Since the industrial revolution, technology has completely altered ways of living. In the twenty-first century, a deluge of new technology has continued to crash into our daily lives, altering modes of communication and commerce. Our lives are increasingly split between the digital and corporeal.  Sometimes there is no clear distinction between the two. Writing within this structure of feeling, Karen Beckman’s Crash: Cinema and the Politics of Speed and Stasis takes an innovative, interdisciplinary approach, looking at how the car crash can be used as a way to “explore tensions that exist at the heart of the film experience: between stasis and motion, body and image, proximity and distance, self and other, and inside and outside” (p. 1). Although she is undoubtedly interested in cinema and the film-going experience, Beckman asserts her multidimensional approach, stating that she “hope[s] to emphasize, rather than explain away, cinema’s impurity at a time when some critics, especially within the field of art history, are calling for a renewed focus on the medium, a parallel reinvigoration of traditional epistemological structures, and a disciplining of the messy field of cinema studies” (p. 1). Throughout her seven-chapter book, Beckman, Professor of Film Studies at the University of Pennsylvania, presents a thoughtful analysis of how car crashes have been pivotal within twentieth and twenty-first century culture. However, Crash also showcases a refreshing, innovative way to explore and analyze culture, while engaging texts and theories from a variety of disciplines.
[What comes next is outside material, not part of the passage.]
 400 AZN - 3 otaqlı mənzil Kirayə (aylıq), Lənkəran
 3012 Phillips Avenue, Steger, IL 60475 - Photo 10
In the introduction, Beckman explains her approach and how she intends to engage the car crash throughout Crash. She states, “I ask why artists, writers, and filmmakers—including Cecil Hepworth, Andy Warhol, Jean-Luc Godard, Ousmane Sembène, J.G. Ballard, Alejandro González Iñárritu, and Nancy Davenport—have repeatedly turned to immobilized and crashed cars as they wrestle with the political, ethical, sexual and aesthetic conundrums of the modern world” (p. 7). Using a variety of texts that are on the borders of different kinds of media (film, photography, literature), Beckman takes inspiration from a number of scholars, but is noticeably influenced by feminist writers, particularly Judith Butler and Susan Rubin Suleiman.

Beckman’s first two chapters examine car crashes in early silent film and slapstick comedies from the 1920s. Building from Walter Benjamin’s One Way Street (1928), Tom Gunning’s writings on early cinema, and a 1926 essay by Virginia Woolf called “The Movies and Reality”, Beckman connects the invention of cinema, with the automobile. For Beckman, cinema and the automobile are two connected technologies that symbolize the modern world. However, in the early twentieth century, both the automobile and cinema were also regarded as faulty technologies that often broke down and failed. Beckman notes the peculiar ironies of cinema and the automobile, noting that while both revolve around movement, they are also technologies of stasis—cinema is series of projected frames, automobiles confine travelers within a small space. Beckman builds off this notion, pointing out that with the rise of film and the automobile, filmgoers frequently saw “cinematic fantasies, social visions, and experimental aesthetics that have emerged in conjunction with the early automobile as a malfunctioning technology, one that fails to start, crashes, explodes, falls apart” (p. 28). Just as early films caught on fire or failed to work properly, within these works, the car is often a source of comic relief in early cinema. Beckman uses several early films to explore this notion, including How it Feels to Be Run Over (UK 1900) Explosion of a Motor Car (UK 1900), and The ‘?’ Motorist (UK 1906). However, she also contends that in addition to being a source of comic relief, the automobile and cinema were two technologies with great potential. Just as the automobile was able to accelerate travel speed, cinema was able to capture these movements of the modern world. Beckman continues her study of silent comedy into the second chapter, noting that by the 1920s car crashes and automobiles in film take on a more complex role. Automobiles in these works highlight private versus public space, changing gender roles, consumerism, and the dangers of the modern world, particularly on the road. She specifically examines these notions within two films, the Harold Lloyd film Hot Water (USA 1924) and Laurel and Hardy film Two Tars (USA 1928).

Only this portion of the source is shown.